## What is being asked:
Everything from the line holding "A bed or beds in a room at Stavlos" through the last line of the data, and nothing else, should be retyped exactly, with no pictures.

## Dataset extract:
--- START ---

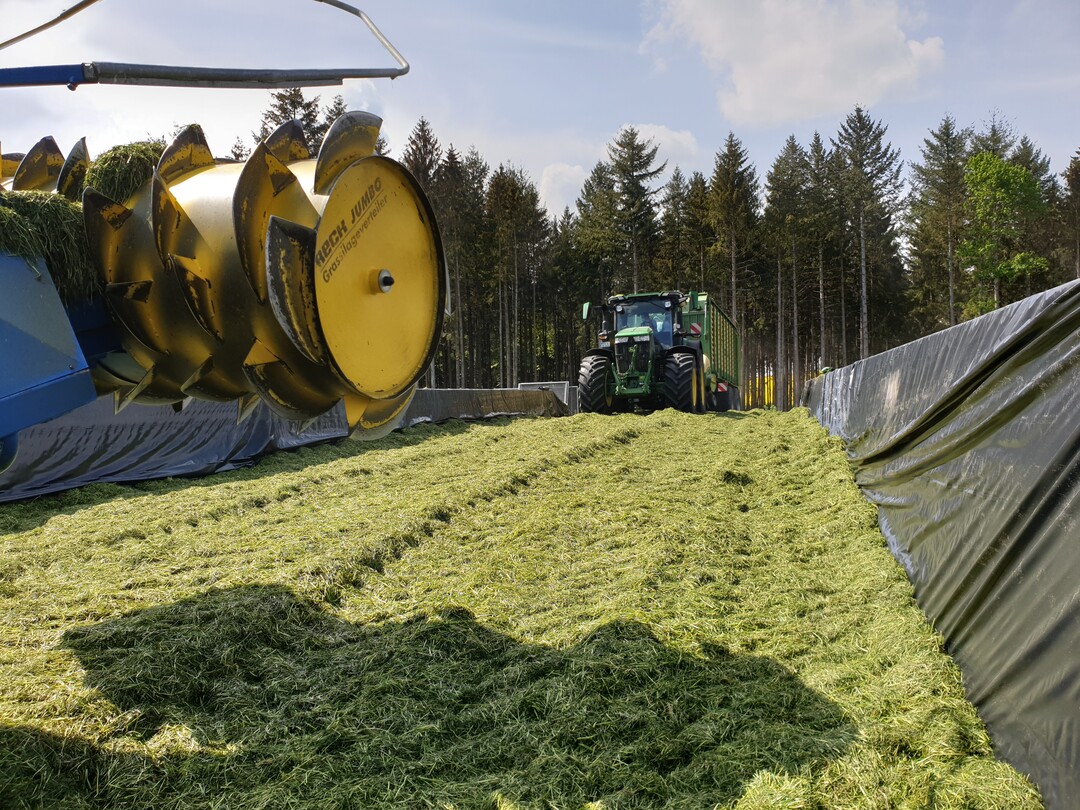 Wenn das Transportfahrzeug durch das Silo fährt und einen dünnen Futterteppich ablegt, entstehen keine großen Haufen, die den Sichtkontakt zwischen den Fahrzeugen einschränken.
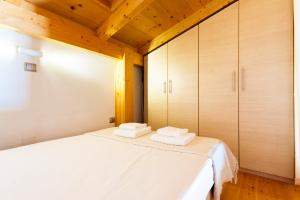 A bed or beds in a room at Stavlos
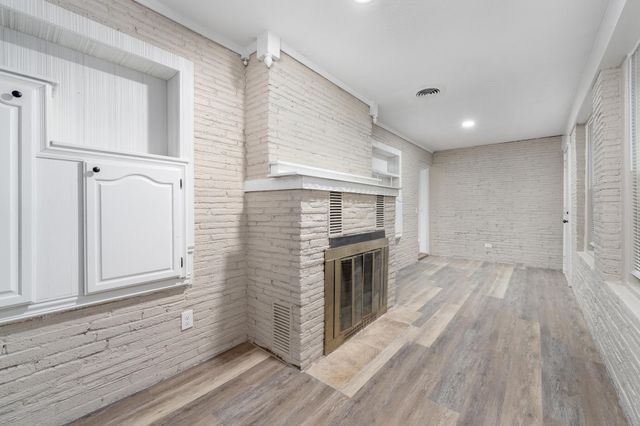3430 E Crystal St, Wichita, KS 67216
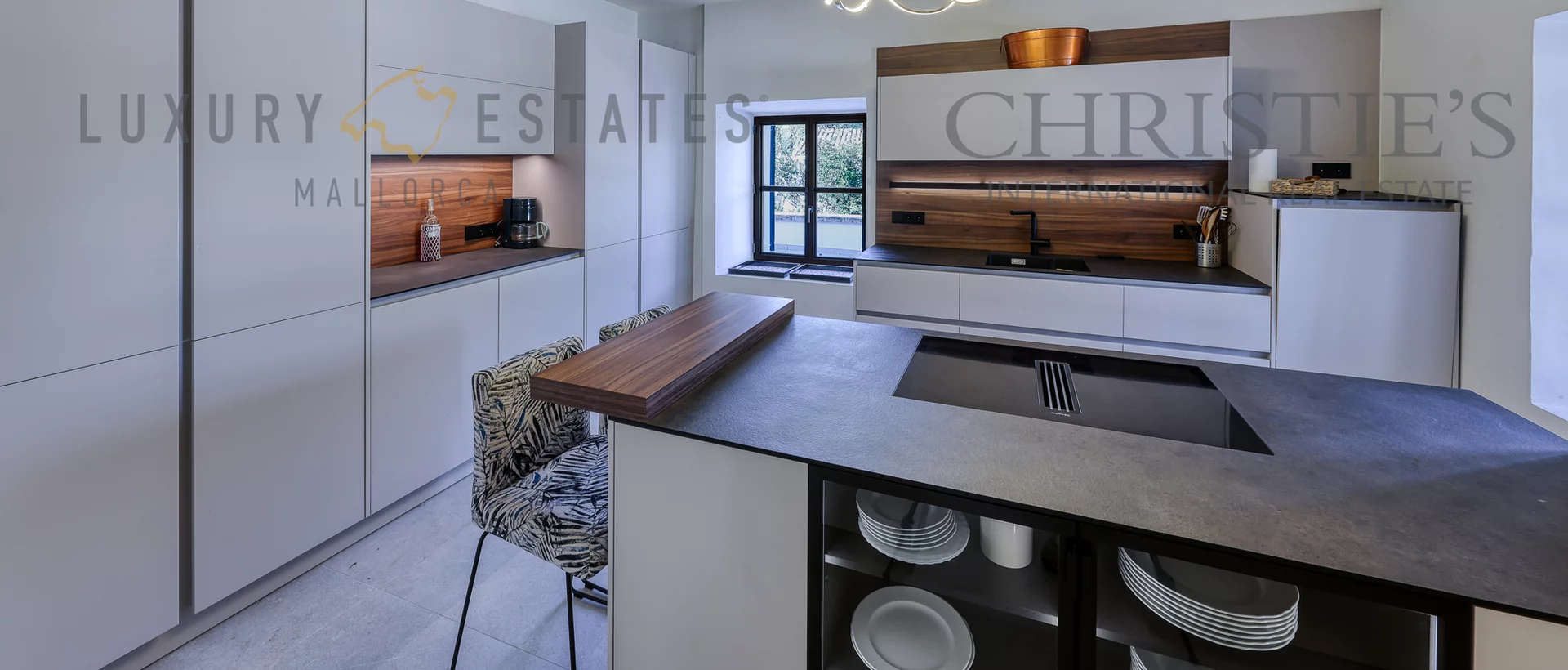 villa mediterránea completamente renovada en génova con vistas al mar 11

--- END ---

## Task result:
 A bed or beds in a room at Stavlos
3430 E Crystal St, Wichita, KS 67216
 villa mediterránea completamente renovada en génova con vistas al mar 11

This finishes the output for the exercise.